## ASSIGNMENT
Reproduce nothing but the lines from the one with "Baby Tortoise Postage Stamp Japan Year 2014" down to the last line of the data below.

## Web page caption snippets
------------------------

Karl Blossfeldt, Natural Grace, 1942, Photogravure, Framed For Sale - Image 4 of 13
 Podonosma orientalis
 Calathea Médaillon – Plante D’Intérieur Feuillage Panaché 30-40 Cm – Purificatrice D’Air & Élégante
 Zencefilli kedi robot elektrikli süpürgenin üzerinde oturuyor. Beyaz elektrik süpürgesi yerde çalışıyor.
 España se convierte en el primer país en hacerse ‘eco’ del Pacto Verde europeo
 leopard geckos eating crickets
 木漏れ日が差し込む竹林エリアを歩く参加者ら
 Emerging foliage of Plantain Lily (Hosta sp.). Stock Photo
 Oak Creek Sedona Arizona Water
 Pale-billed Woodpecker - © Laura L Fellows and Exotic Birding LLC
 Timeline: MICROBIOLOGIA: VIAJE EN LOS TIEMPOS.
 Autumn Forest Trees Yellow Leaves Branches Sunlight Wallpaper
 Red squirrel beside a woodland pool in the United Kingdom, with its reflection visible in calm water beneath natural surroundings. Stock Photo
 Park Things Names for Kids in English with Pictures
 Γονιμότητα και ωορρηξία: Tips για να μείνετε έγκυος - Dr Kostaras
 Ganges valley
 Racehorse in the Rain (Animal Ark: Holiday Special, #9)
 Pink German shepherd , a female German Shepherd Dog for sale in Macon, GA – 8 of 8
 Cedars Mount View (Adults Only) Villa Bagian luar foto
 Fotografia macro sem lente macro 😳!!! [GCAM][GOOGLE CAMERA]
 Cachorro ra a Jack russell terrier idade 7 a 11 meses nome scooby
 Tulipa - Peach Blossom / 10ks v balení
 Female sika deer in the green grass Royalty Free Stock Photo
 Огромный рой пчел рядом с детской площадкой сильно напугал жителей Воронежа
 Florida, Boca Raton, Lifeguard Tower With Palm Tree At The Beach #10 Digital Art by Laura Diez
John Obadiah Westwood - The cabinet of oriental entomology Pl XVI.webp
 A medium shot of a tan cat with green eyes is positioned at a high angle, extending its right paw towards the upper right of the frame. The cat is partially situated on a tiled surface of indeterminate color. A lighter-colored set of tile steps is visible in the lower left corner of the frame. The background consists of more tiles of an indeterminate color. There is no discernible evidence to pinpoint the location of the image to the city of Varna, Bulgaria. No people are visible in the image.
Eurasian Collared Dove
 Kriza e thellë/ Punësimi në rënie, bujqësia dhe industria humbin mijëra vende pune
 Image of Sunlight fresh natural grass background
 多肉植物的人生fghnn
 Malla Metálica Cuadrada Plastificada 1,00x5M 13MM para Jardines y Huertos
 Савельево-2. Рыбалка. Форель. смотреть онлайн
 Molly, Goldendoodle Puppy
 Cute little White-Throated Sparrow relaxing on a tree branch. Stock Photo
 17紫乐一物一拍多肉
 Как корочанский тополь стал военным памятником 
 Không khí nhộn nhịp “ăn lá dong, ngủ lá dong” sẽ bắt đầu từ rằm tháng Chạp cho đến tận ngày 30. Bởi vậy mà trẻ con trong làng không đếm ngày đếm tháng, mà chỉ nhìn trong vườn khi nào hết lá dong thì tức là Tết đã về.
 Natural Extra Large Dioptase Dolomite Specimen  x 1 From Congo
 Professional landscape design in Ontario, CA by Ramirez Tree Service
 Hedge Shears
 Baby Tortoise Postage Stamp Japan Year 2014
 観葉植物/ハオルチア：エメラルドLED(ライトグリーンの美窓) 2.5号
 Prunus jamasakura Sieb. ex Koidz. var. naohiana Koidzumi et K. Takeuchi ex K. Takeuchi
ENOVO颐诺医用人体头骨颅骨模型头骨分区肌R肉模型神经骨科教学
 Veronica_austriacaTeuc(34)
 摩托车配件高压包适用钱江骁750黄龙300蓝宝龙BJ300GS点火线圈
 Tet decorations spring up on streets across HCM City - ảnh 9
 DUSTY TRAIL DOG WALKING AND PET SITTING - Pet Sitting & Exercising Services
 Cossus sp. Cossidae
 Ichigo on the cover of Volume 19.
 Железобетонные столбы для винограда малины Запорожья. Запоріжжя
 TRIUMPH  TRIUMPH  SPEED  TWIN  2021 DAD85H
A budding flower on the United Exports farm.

------------------------

## EXERCISE ANSWER
 Baby Tortoise Postage Stamp Japan Year 2014
 観葉植物/ハオルチア：エメラルドLED(ライトグリーンの美窓) 2.5号
 Prunus jamasakura Sieb. ex Koidz. var. naohiana Koidzumi et K. Takeuchi ex K. Takeuchi
ENOVO颐诺医用人体头骨颅骨模型头骨分区肌R肉模型神经骨科教学
 Veronica_austriacaTeuc(34)
 摩托车配件高压包适用钱江骁750黄龙300蓝宝龙BJ300GS点火线圈
 Tet decorations spring up on streets across HCM City - ảnh 9
 DUSTY TRAIL DOG WALKING AND PET SITTING - Pet Sitting & Exercising Services
 Cossus sp. Cossidae
 Ichigo on the cover of Volume 19.
 Железобетонные столбы для винограда малины Запорожья. Запоріжжя
 TRIUMPH  TRIUMPH  SPEED  TWIN  2021 DAD85H
A budding flower on the United Exports farm.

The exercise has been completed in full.